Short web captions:
########################################

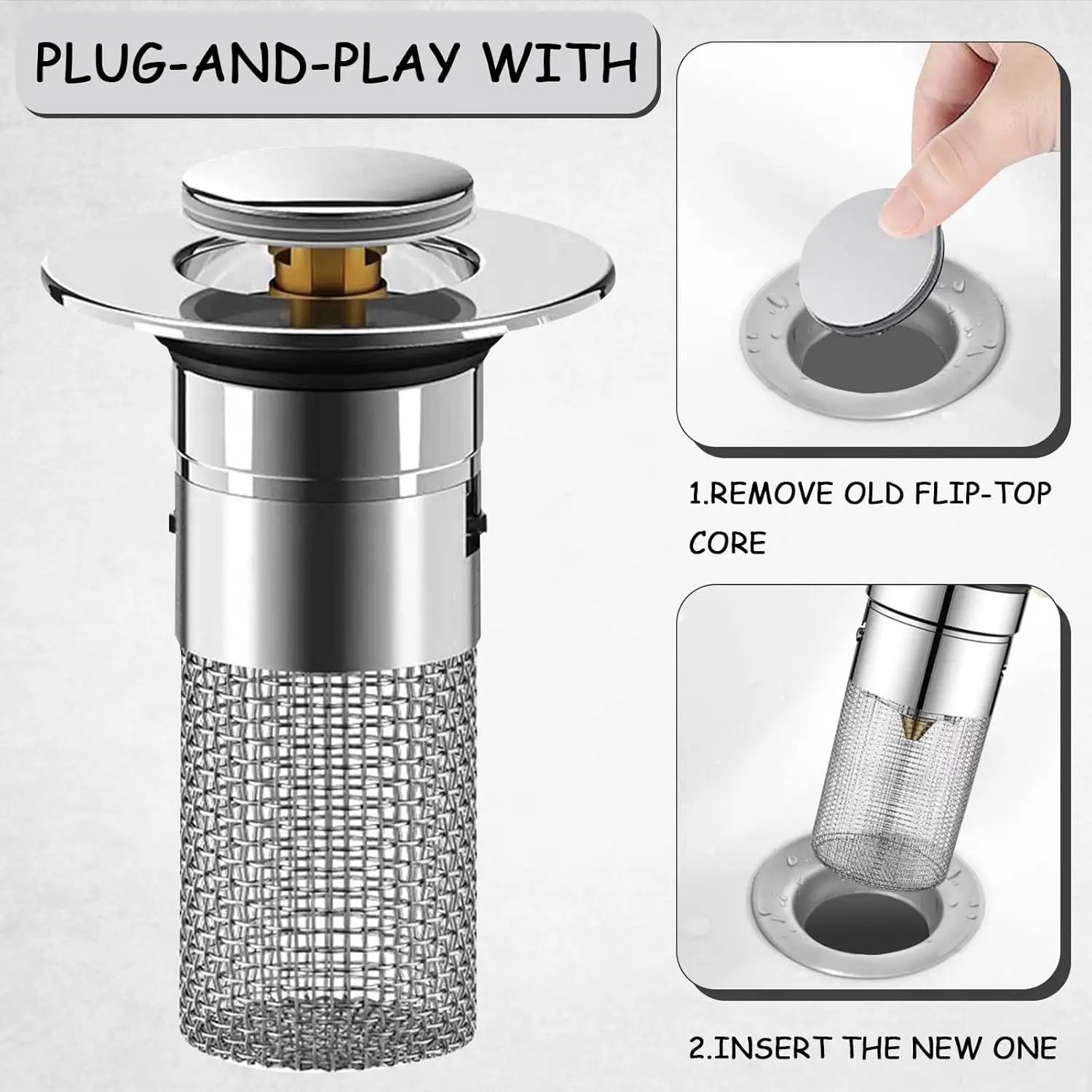 Stainless Steel Press-Type Sink Drain Plug – Universal Fit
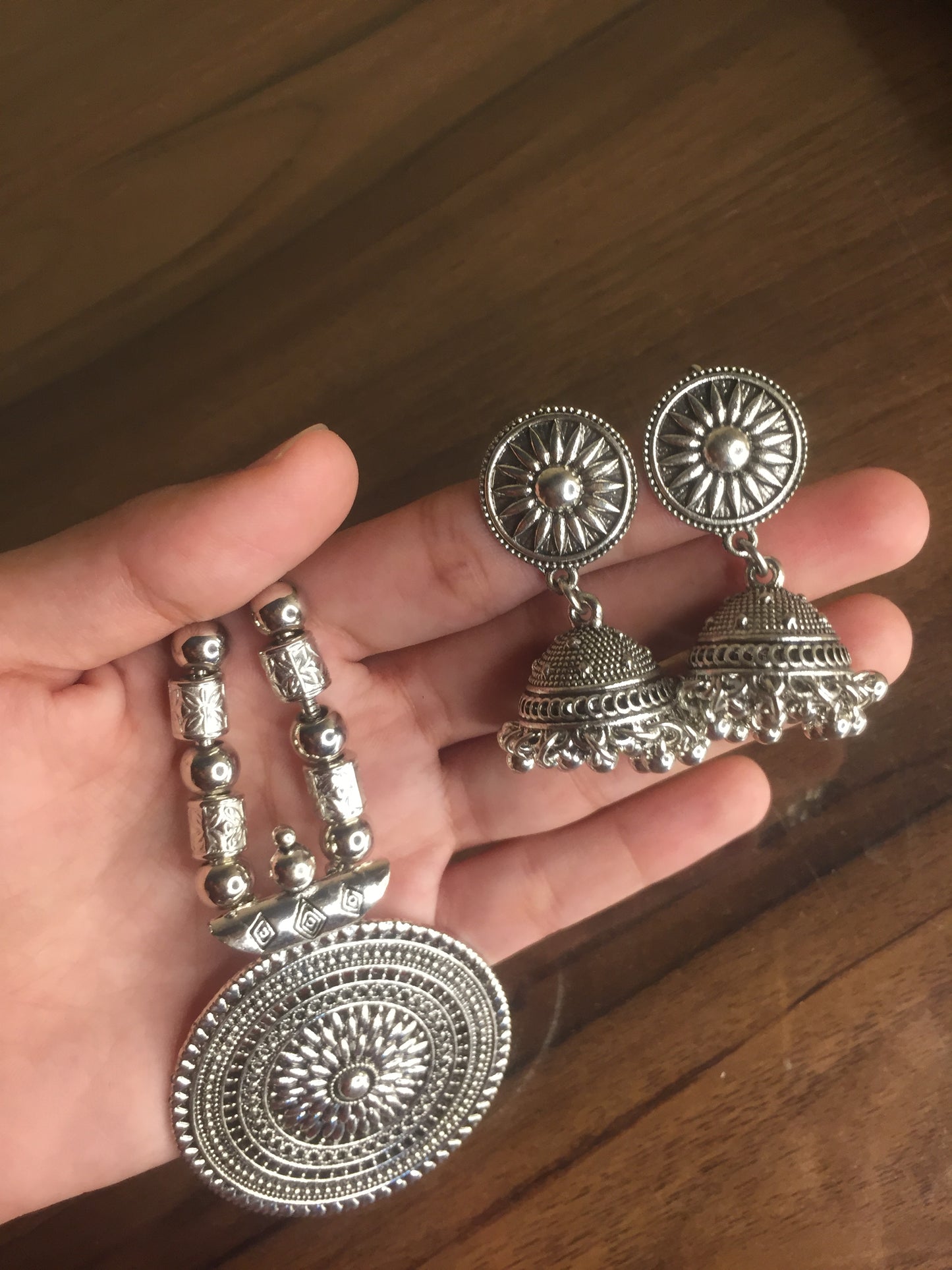 Oxidized Silver Pendant Necklace with Matching Jhumka Earrings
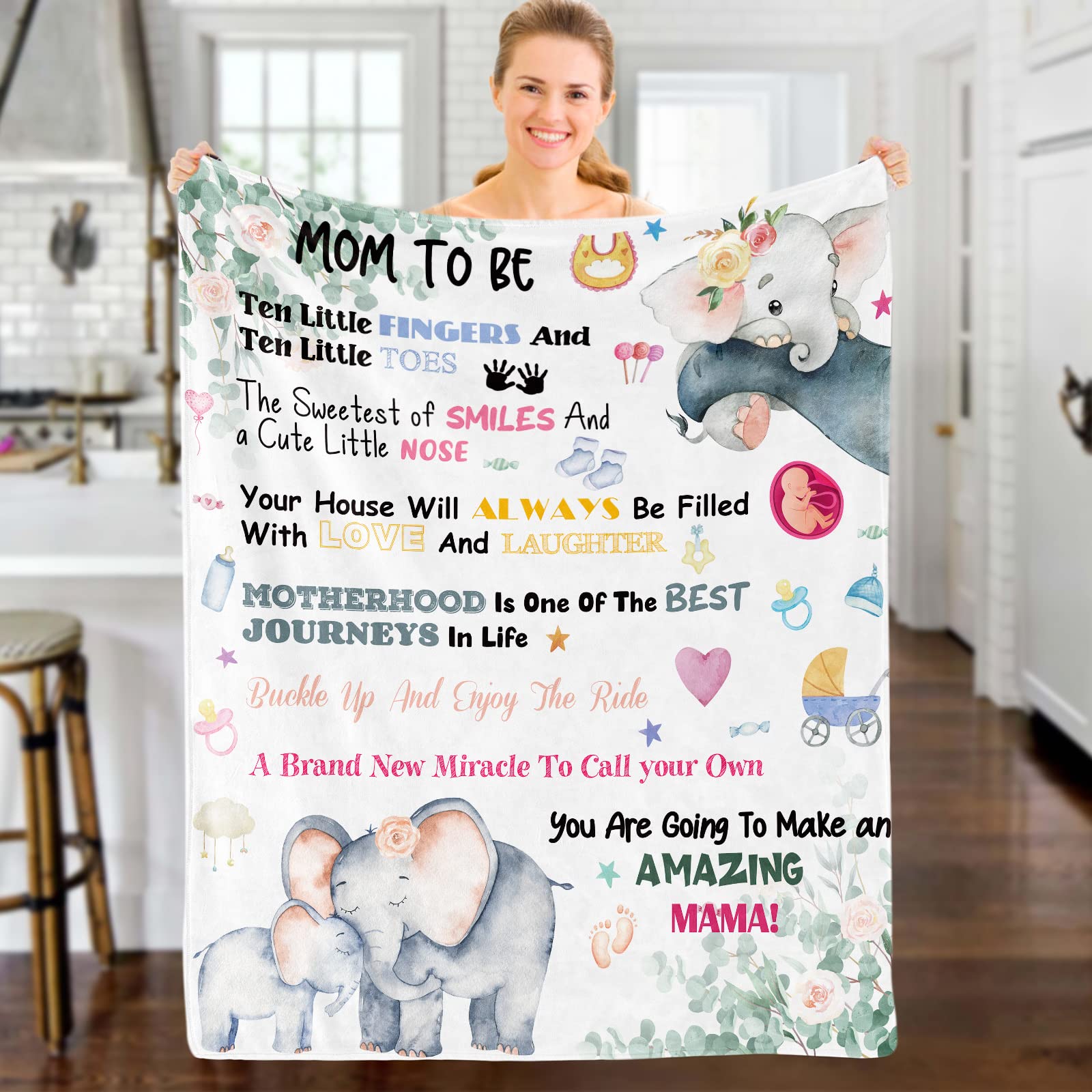 Domgoge New Mom Gifts to Be Mum Blanket Throw with Elephant Fleece Flannel First Time Promoted Mother Pregnancy for Postpartum Gender Reveal Mother's Day 130x152 cm, Be-white, (TR-99)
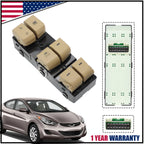 Front Left Power Window Switch Beige for Hyundai Elantra (2011–2015) 93570-3X000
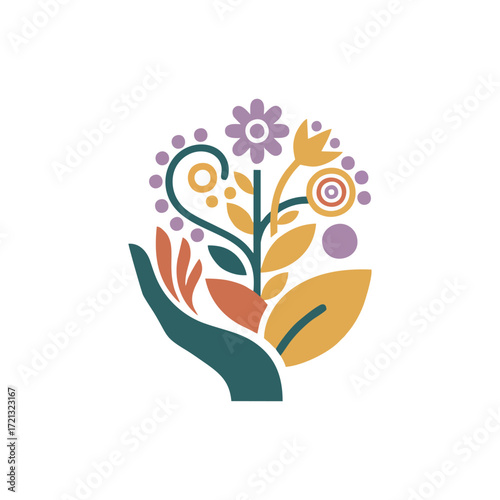 Elegant line art fertile hand drawing with palm finger human touch organic soil seed sprout life growth natural environment ecology green vitality healthy wellness healing medical therapy design for p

########################################

Print the data above exactly, minus pictures.

=== Response below ===
 Stainless Steel Press-Type Sink Drain Plug – Universal Fit
 Oxidized Silver Pendant Necklace with Matching Jhumka Earrings
 Domgoge New Mom Gifts to Be Mum Blanket Throw with Elephant Fleece Flannel First Time Promoted Mother Pregnancy for Postpartum Gender Reveal Mother's Day 130x152 cm, Be-white, (TR-99)
 Front Left Power Window Switch Beige for Hyundai Elantra (2011–2015) 93570-3X000
 Elegant line art fertile hand drawing with palm finger human touch organic soil seed sprout life growth natural environment ecology green vitality healthy wellness healing medical therapy design for p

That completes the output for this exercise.